NVIDIA OpenShell is a secure runtime for local AI agents on Windows that combines Windows security primitives with NVIDIA policy controls to run private, on-device AI workflows without relying on the cloud. Built in partnership with Microsoft, it gives developers an easy-to-deploy package so agents can operate directly on RTX PCs while staying under clear user control. OpenShell adds policy tools that let users define what an agent is allowed to do, decide when to route queries to local models, and mask personal information before anything leaves the device. This focus on privacy and control addresses a core barrier for local AI agents: the need to run continuously on a primary PC without exposing sensitive data. By tying identity, containment and policy together, OpenShell lays the groundwork for safe, scalable Windows AI processing.

2x llama.cpp Inference Performance on RTX PCs

NVIDIA’s work around NVIDIA OpenShell goes beyond security to direct performance gains for local AI agents. Through collaboration with the llama.cpp community, NVIDIA introduced multi-token prediction and optimizations like programmatic dependent launch, delivering 2x inference throughput on Qwen 3.6 and 3.5 27B models and 1.6x on Qwen 3.6 and 3.5 35B. These llama.cpp inference gains help local AI agents respond faster and handle more complex tasks without needing a data center. According to NVIDIA, “Qwen3.6-27B delivers up to 2x throughput and Qwen3.6-35B up to 1.6x on GeForce RTX 5090, accelerating local agentic AI workloads through open source community collaboration.” Enthusiasts with multi-GPU rigs benefit further: llama.cpp now includes tensor parallelism that brings up to 2x effective memory and 1.8x compute on two equivalent GPUs, extending RTX PC performance for heavier models and longer sessions.

RTX Spark and DGX Station: PCs Built for Local AI Agents

OpenShell arrives alongside new hardware tuned for local AI agents, led by NVIDIA RTX Spark and DGX Station for Windows. RTX Spark is a new class of Windows PC with up to 1 petaflop of AI compute and 128GB of unified memory, designed to shift a system from “tool to teammate” by running personal AI agents continuously and efficiently. It targets creators, gamers and developers who need powerful Windows AI processing in slim laptops or efficient desktops with long battery life.

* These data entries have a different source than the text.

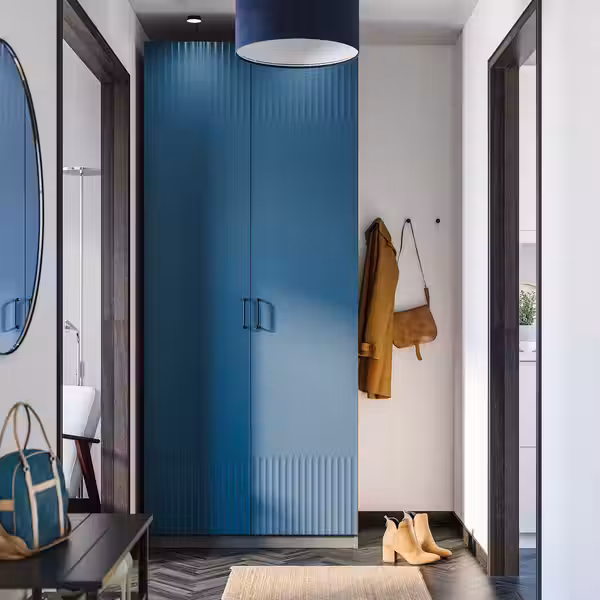 PAX / FYRUDDEN Гардероб, комбинация - темно-серый/синий 100x60x236 см - фото 2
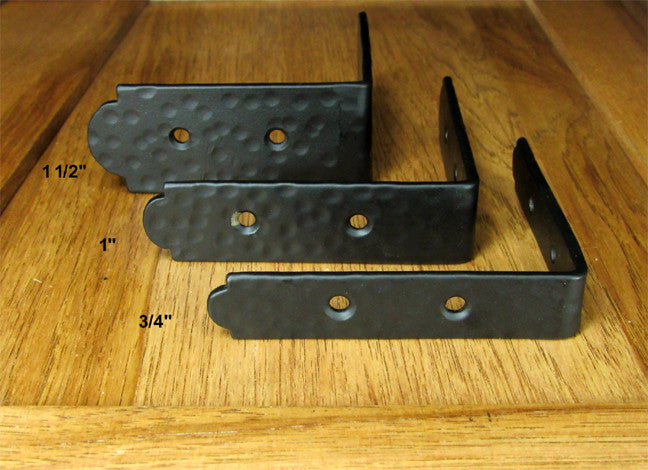 Rustic, hammered Table Edge Corner Bracket - 1&quot; high  (incl Rustic Head screws) - Wild West Hardware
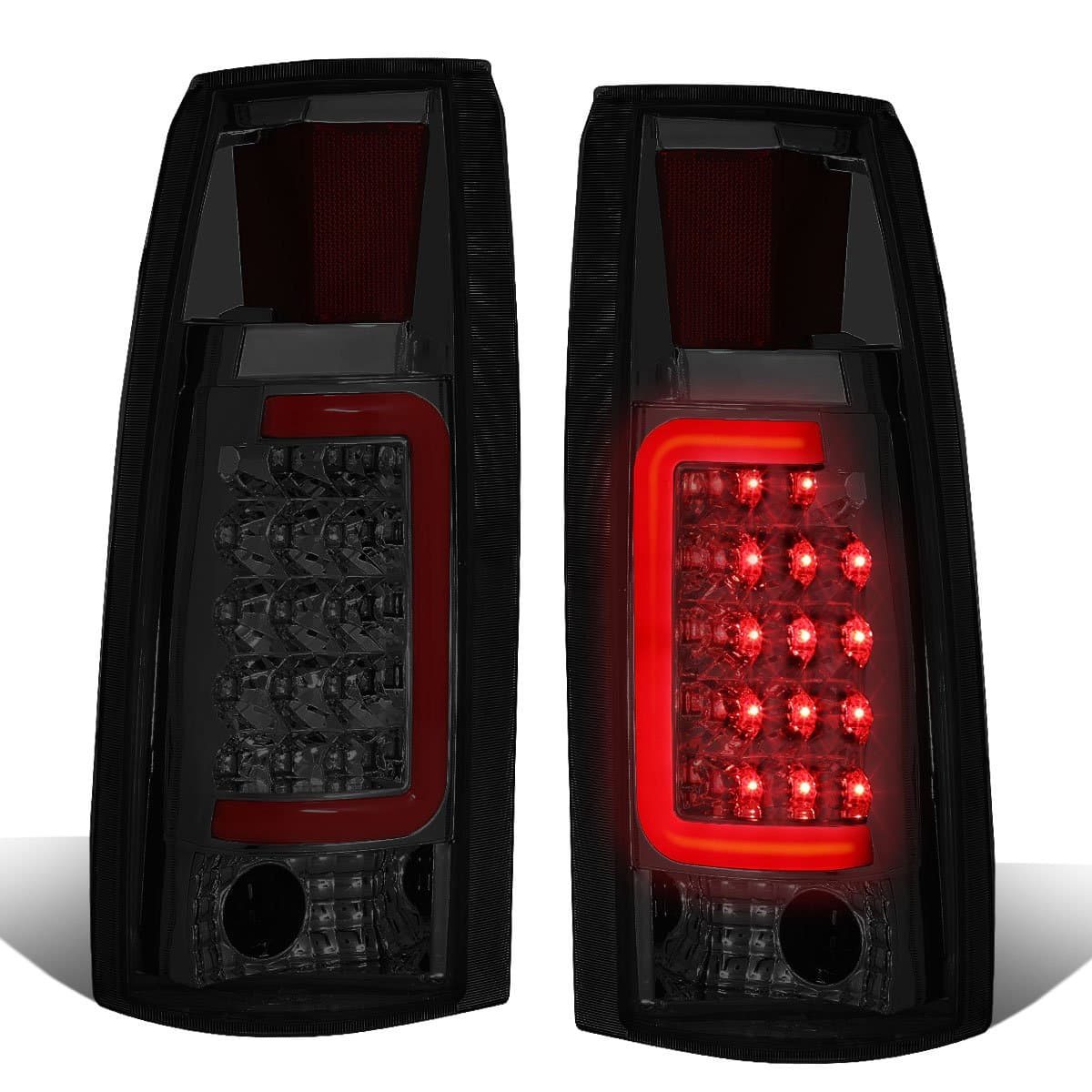 DNA MOTORINGTL-C10-LED-RD3D-CH-SM LED 3D Tail Light Assembly Driver & Passenger Side [Compatible with 99-00 Escalade / 92-94 Blazer / 88-99 C1500-C3500]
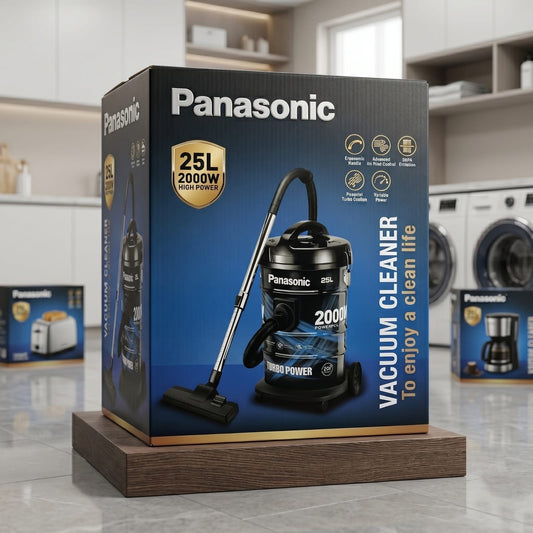 Panasonic 25L Drum Vacuum Cleaner 2000W Heavy Duty Suction & Blower Machine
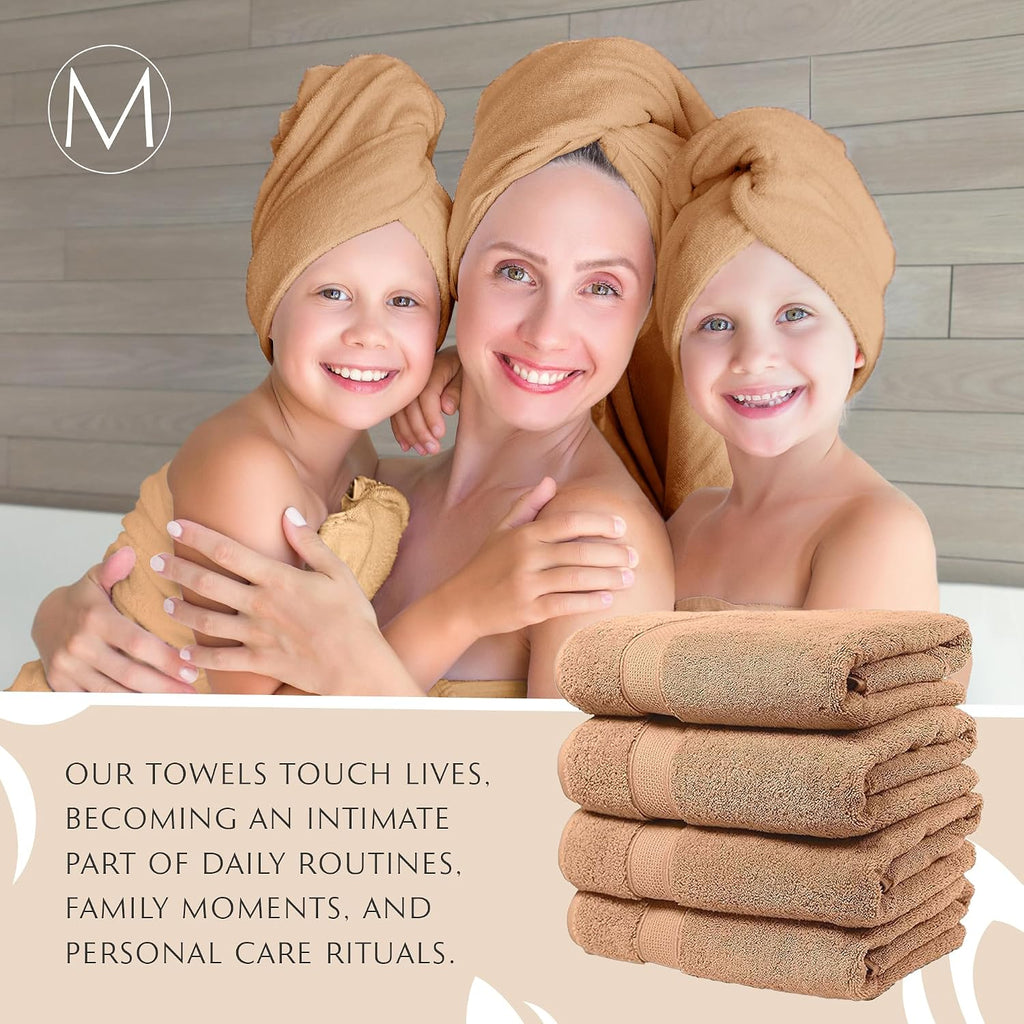 Exquisite 4-Piece Turkish Bath Towel Set: Ultra-Soft, Thick, and Plush Towels for a Premium Hotel Experience in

DGX Station for Windows extends this concept to deskside AI supercomputers, bringing data-center-class GPUs and CPUs into a managed Windows environment. Together with NemoClaw blueprints and streamlined installers, these platforms make it easier to deploy local AI agents across GeForce RTX, RTX PRO, RTX Spark, DGX Spark and DGX Station, with consistent security and performance behavior across devices.

Secure Local AI Agents for Enterprises and Power Users

NVIDIA OpenShell is central to making local AI agents practical for both individual creators and enterprises. It builds on new Windows security primitives for identity, containment, policy and end-to-end protection so agents can run natively while respecting organizational rules and user consent. OpenShell adds fine-grained policy controls, intelligent routing to local models based on privacy settings, and on-the-fly masking of personal information before queries touch any cloud service. This security layer is already being adopted by leading agent developers Hermes Agent and OpenClaw, which are integrating OpenShell and the new Windows primitives into their Windows apps. These agents can operate Windows applications, manage multi-step workflows, generate media, write code and search local files, all while remaining under user-defined constraints. For enterprises, the ability to keep sensitive workflows local and auditable is a major reason to consider RTX PCs as AI-capable endpoints rather than thin clients to cloud models.

Adobe, H Company and the Future of Creative RTX Workflows

NVIDIA is lining up software partners around OpenShell and RTX Spark to reshape creative and productivity workflows. Adobe is rearchitecting Photoshop and Premiere for RTX systems, rebuilding them to exploit RTX Spark’s AI compute and memory so features like Firefly-based tools can run more efficiently on-device. At the same time, Blender is adding DLSS 4.5 Ray Reconstruction and NVIDIA is introducing RTX Video Frame Generation, which will arrive in ComfyUI, giving creators higher-quality rendering and video processing locally. H Company is extending agent capabilities with a computer-use harness that lets agents “see” the desktop and operate keyboard and mouse, even for applications without APIs. NVIDIA collaborated with H Company to quantize Holo Computer Use models and accelerate the harness, cutting memory use by 35% and doubling speed on NVIDIA GPUs. Together, these moves set up RTX PCs as powerful hubs for local AI agents and creative workflows without cloud dependence.